Can you pause marketing during a business crisis?

Consider a scenario where a startup, grappling with financial strain, contemplated a substantial cut in operating expenses. The CEO confidently announced, 'Marketing has done an amazing job. We are well known in the market, so we can slash our marketing budget by 90%, take a 12 to 18-month pause, and nobody will notice.'

Putting aside the demoralizing effect, this short-sighted decision to ‘pause’ marketing raised vital questions about the value of marketing and unveiled common misconceptions at the C-level about its far-reaching impact. Despite financial constraints, a dramatic pause in marketing initiatives might spell the beginning of a downward spiral, particularly in B2B enterprises with extended sales cycles. It's worth noting that prudent reductions in marketing spend are feasible without resorting to a complete halt.

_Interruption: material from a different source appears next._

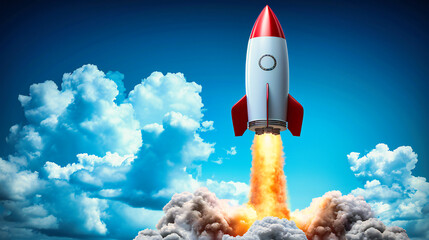 A spaceship launching into the sky, embodying the spirit of adventure and discovery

Marketing serves two critical functions: brand building and demand generation. From a brand perspective, going dark in the market can be detrimental. A brand's presence acts as a constant reminder to buyers, influencers, existing customers, and investors. It establishes credibility and reaffirms why the business exists, an essential aspect often overlooked in a crowded marketplace where competitors vie for attention.

In fact, Nielsen research has shown that sustained marketing efforts contribute significantly—between 10% and 35%—to a brand's equity. Moreover, a study by the Harvard Business Review revealed that companies sustaining or increasing their marketing during a recession achieved an average growth of 275% in the following five years, surpassing those that reduced their spending.

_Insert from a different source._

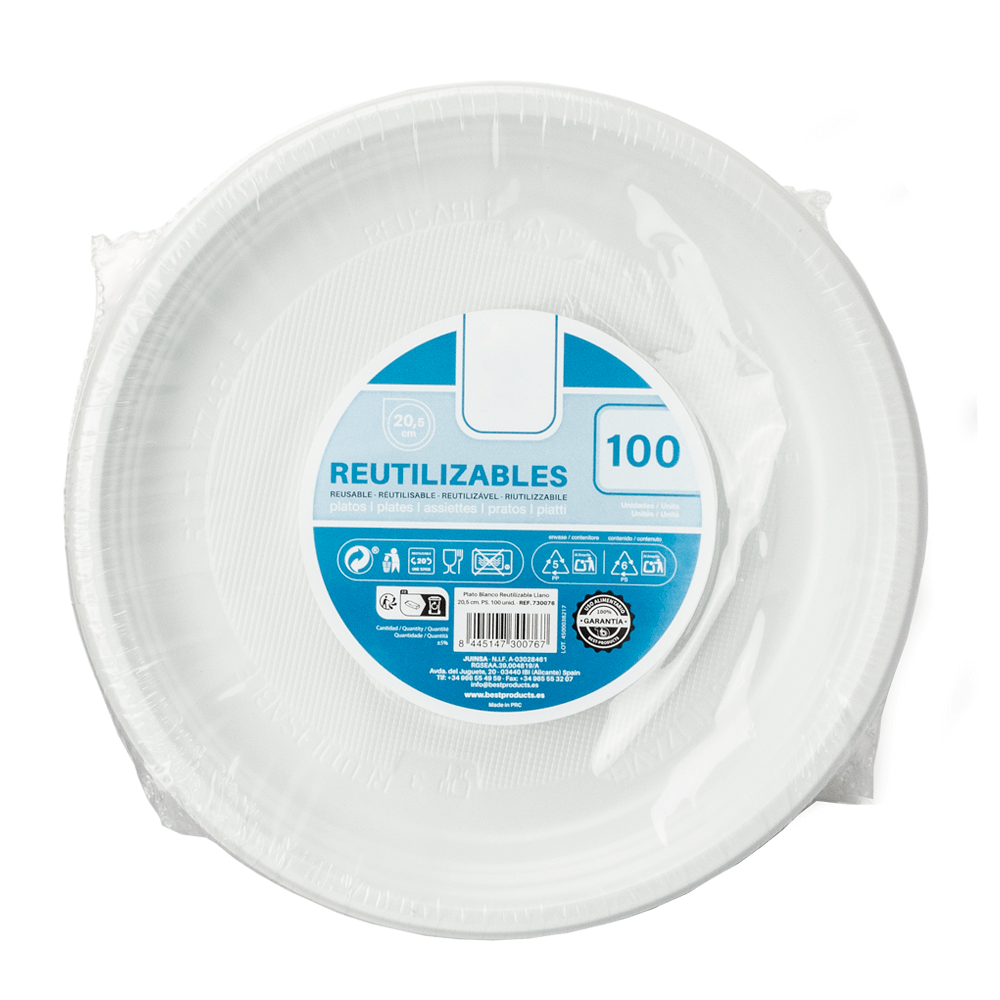 PLATO LLANO REUTILIZABLE EN PS BLANCO 20,5CM - Image 3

In the realm of B2B environments, marketing activities don't always synchronize with the stages of a lead's progression through the sales cycle. After buyers recognize the necessity of a specific product or service, there are subsequent phases where they must develop the business case, secure funding, and deliberate on their purchasing options. Marketing's role in maintaining visibility during this crucial period is pivotal, and halting these efforts can markedly affect conversion rates.

Moreover, the absence of marketing activities impacts influencers, existing customers, and potential clients. Influencers, who scrutinize market viability daily, notice such lapses. Existing customers may second-guess their investment in the absence of ongoing brand reinforcement, leading to delayed implementation of existing purchases or a pause on additional investments—all potentially resulting in revenue loss for the company.

From the demand generation perspective, marketing serves as a bridge between prospects and sales, nurturing relationships and providing insights to the product and service. Meaningful client relationship building cannot be achieved with fancy meals or prestigious golf courses; it needs to be fostered through regular, consistent touchpoints across diverse marketing channels. Beyond aiding conversion, demand generation campaigns are crucial for filling the pipeline with new leads. Acquiring fresh leads is usually accomplished through multifaceted marketing programs involving leveraging third-party customer bases and close collaboration between marketing and inside sales teams.

According to McKinsey & Company's June 2023 report, "Beyond belt-tightening: How marketing can drive resiliency during uncertain times," the statement stands out: “During tough times, marketing is often the first to be trimmed, but that’s a shortsighted approach. Instead, companies can invest in marketing as a key to long-term growth.”

This underlines the critical need to recognize the role of marketing in upholding brand presence and driving market demand, highlighting the imperative for sustained investment even during challenging times. Pausing marketing initiatives, especially in crises, demands careful consideration due to its potential business repercussions.